* PROMPT:
Retype the lines of the listing below exactly, but only those from the one containing "balacoo Fish Tank" through the last line; pictures stay out.

* EXERCISE DATA:
++++++++++++++++++++

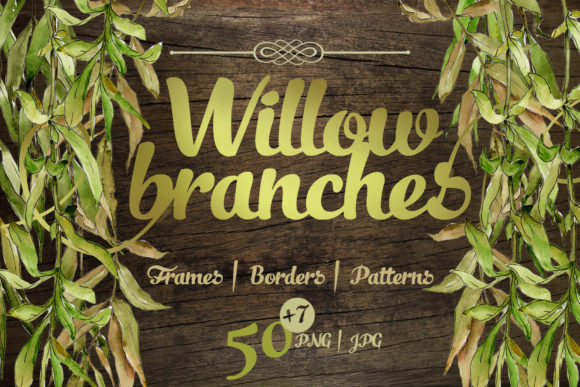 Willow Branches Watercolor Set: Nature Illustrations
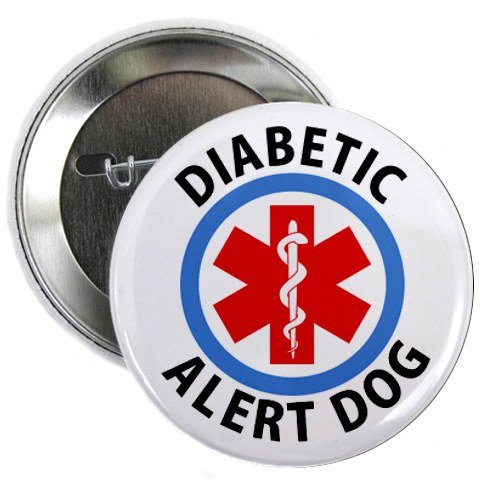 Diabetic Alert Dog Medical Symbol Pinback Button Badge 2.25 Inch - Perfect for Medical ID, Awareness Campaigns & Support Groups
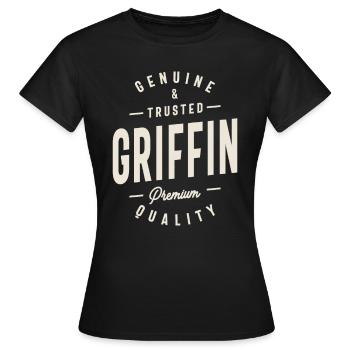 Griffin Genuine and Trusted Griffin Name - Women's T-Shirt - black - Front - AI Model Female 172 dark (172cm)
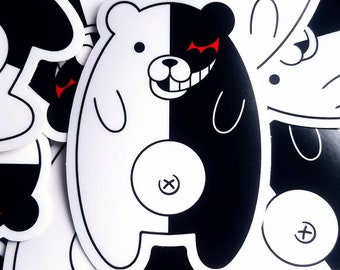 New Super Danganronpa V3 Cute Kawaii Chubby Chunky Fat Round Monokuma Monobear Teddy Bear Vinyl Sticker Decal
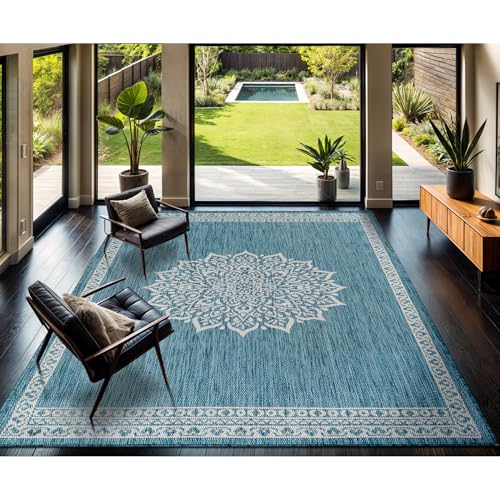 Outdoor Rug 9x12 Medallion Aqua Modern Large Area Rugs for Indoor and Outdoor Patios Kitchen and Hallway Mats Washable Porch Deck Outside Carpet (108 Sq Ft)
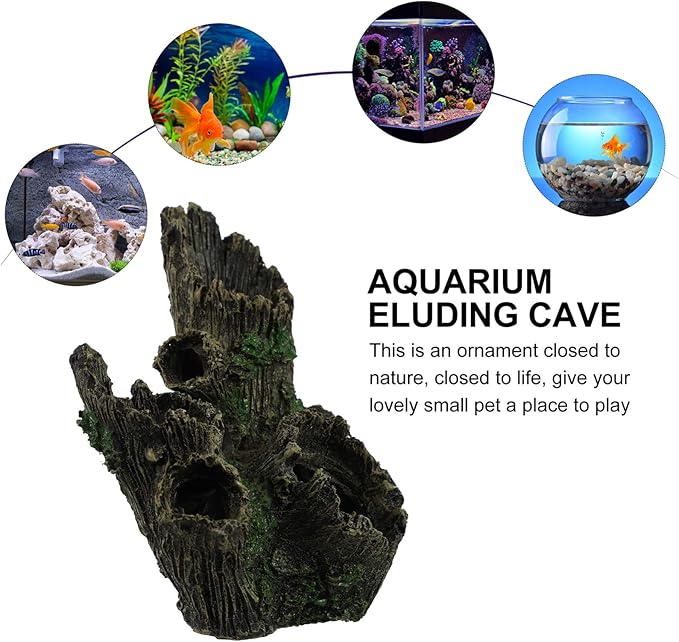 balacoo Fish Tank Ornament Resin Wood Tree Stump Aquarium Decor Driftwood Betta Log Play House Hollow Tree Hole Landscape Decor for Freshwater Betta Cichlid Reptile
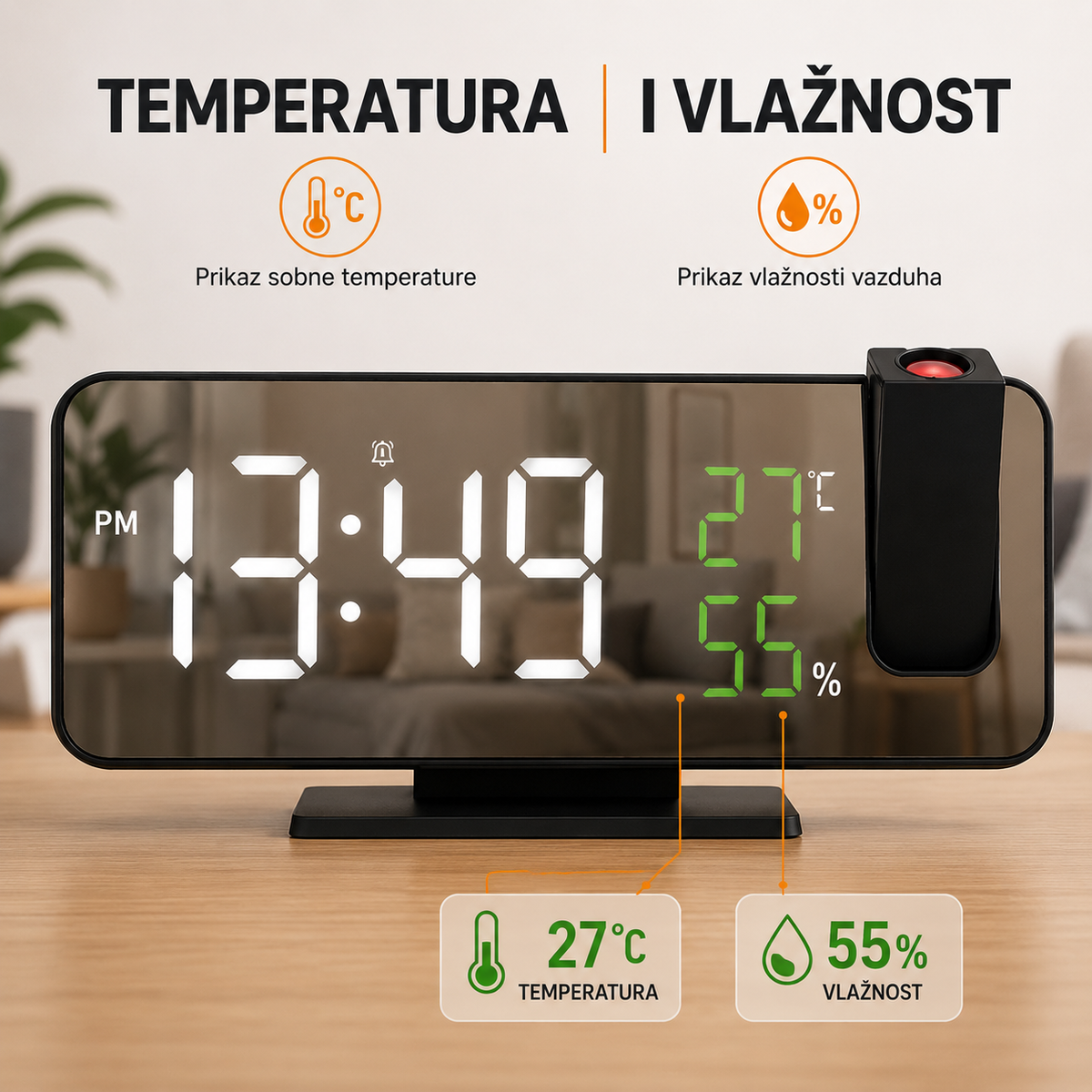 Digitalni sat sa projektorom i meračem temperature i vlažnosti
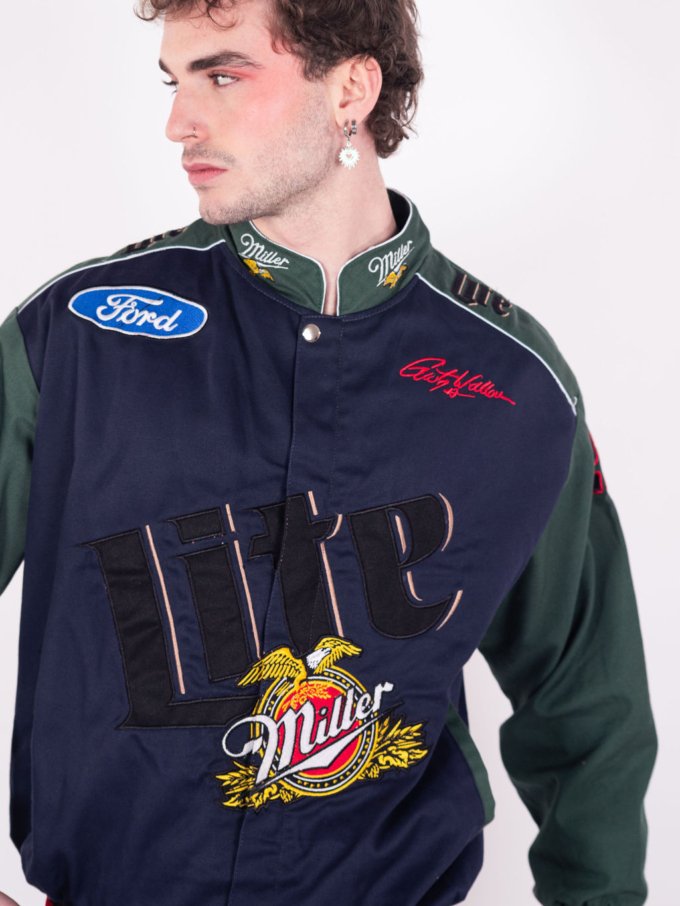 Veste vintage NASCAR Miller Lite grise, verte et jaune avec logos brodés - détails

++++++++++++++++++++

* OUTPUT FOR THIS TASK:
 balacoo Fish Tank Ornament Resin Wood Tree Stump Aquarium Decor Driftwood Betta Log Play House Hollow Tree Hole Landscape Decor for Freshwater Betta Cichlid Reptile
 Digitalni sat sa projektorom i meračem temperature i vlažnosti
 Veste vintage NASCAR Miller Lite grise, verte et jaune avec logos brodés - détails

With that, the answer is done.